Maio é o mês tradicionalmente ligado ao tema trabalho – o maior desafio dos países que tentam se inserir na chamada economia globalizada. Em todo o mundo, esse desafio exige novas formas de tratamento das relações entre capital e trabalho. O que fazer diante do número de pessoas que buscam trabalho e das possibilidades reais de ocupação?

Está aberta a temporada de promessas para os futuros dirigentes deste País. Mas no campo legislativo – onde as leis são discutidas, negociadas, alteradas -, a história é outra. Longe dos palanques, em um mundo cada vez mais individualista, tornou-se fora de moda falar de proteção ao trabalho. Pois sustento: o Direito do Trabalho é sistemático e não pode servir de moeda de troca no mercado político.

Ele tem as suas regras universais como ciência jurídica. Evidente que evolui, sendo ciência social, no passo das mudanças em cada tempo e lugar. Mas não é o fato político, isolado nas conveniências de um partido ou mesmo de uma eventual maioria parlamentar, que conduz a alteração legislativa de tal maneira a criar ou extinguir direitos incorporados à vida dos agentes sociais.

O Direito do Trabalho não nasceu para os mercados. É claro que a economia tem influência na ordem social, mas querer que as relações de trabalho se confinem à visão da economia é submeter a ciência jurídica à ciência econômica, quando a ciência econômica deve configurar-se no lastro da ciência jurídica. É esse o patamar do Estado de Direito.

Essas idéias são mais claras nas relações jurídico-trabalhistas. O Direito do Trabalho surgiu, no mundo moderno, para tutelar o trabalhador e, entre nós, também foi dirigido, inclusive processualmente, para conciliar capital e trabalho. Qualquer teoria política que despreze os seus postulados erigindo como primado o interesse econômico tem a força do punhal que matou César. Tem a força da felonia e terá sido objeto de um debate que de tão antigo e superado é anterior à Consolidação das Leis do Trabalho.

É certo, no entanto, que desde 1943 a Consolidação das Leis do Trabalho vem sendo permanentemente modernizada. Há muitos anos se debateu, inclusive no Congresso Nacional, a conveniência de transformar-se a Consolidação das Leis do Trabalho em código. E ninguém teve dúvida de que a idéia do código não deveria prosperar, sob pena de tornar mais rígida a regulamentação do Direito, dificultando a sua modernização. Venceu a tese da consolidação que afinal permitiria, como vem permitindo, a gradual alteração legislativa por intermédio de leis esparsas.

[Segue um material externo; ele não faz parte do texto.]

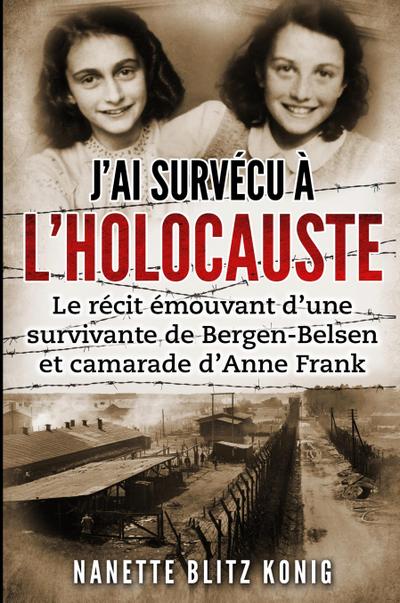 J’ai survécu à l’Holocauste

Um exemplo da modernização legislativa é a lei do Fundo de Garantia do Tempo de Serviço. Foi uma legislação inovadora, deixando para trás o regime de estabilidade no emprego, que de algum modo ainda é tido de difícil assimilação na área empresarial. Também é certo que o Tribunal Superior do Trabalho vem flexibilizando a legislação, como é o caso das horas in itinere – criação jurisprudencial depois convertida em lei – e do tempo gasto pelo empregado antes e depois da marcação do ponto. Outro exemplo que merece destaque foi dado pelo TST quando permitiu um piso salarial diferenciado para menores de 18 anos.

Mas a forma mais evidente de flexibilização da legislação trabalhista na jurisprudência do TST diz respeito à terceirização, que passou a ser admitida em atividades-meios. Foi essa maneira que a mais alta Corte trabalhista encontrou para compatibilizar o emprego com as necessidades mais prementes da moderna atividade empresarial.

Como se vê, a legislação trabalhista vem sendo modernizada sem sacrifício dos direitos trabalhistas. A questão não resolvida é que muita gente confunde a modernização da Consolidação das Leis do Trabalho com a extinção de direitos do trabalhador. A idéia, que parece felonia, é aliviar o sufoco das empresas com a carga tributária, reduzindo, de outro lado, os seus encargos sociais com as relações trabalhistas. Mas isso nada tem a ver com o Direito do Trabalho porque é mera construção política adstrita à conveniência dos projetos econômico-financeiros de um governo e sem ligação com os interesses maiores da sociedade civil. Daí porque digo, com segurança, que o Direito do Trabalho não é moeda de troca para o mercado político.

É possível a flexibilização. Mas ela deve ser feita com responsabilidade e com a adoção, no projeto do governo que altera o art. 618 da CLT, de um mecanismo de controle capaz de salvaguardar os interesses da categoria profissional na negociação coletiva. Foi essa a minha sugestão ao Dr. Paulo Jobim, Ministro de Estado do Trabalho, a quem também sugeri, como fundamental à ordem jurídica, uma ampla reforma na organização sindical, de maneira que as entidades sindicais se tornassem mais representativas na defesa dos direitos dos sindicalizados na celebração do acordo com fundamento na nova redação a ser dada ao art. 618 da CLT.

Estou convencido de que, com essas salvaguardas, o projeto do governo teria não apenas o apoio dos seus partidários, ou de pessoas que falam intermediando interesses, mas de todos os estudiosos e operadores do Direito do Trabalho que defendem, com imparcialidade, a modernização da Consolidação das Leis do Trabalho.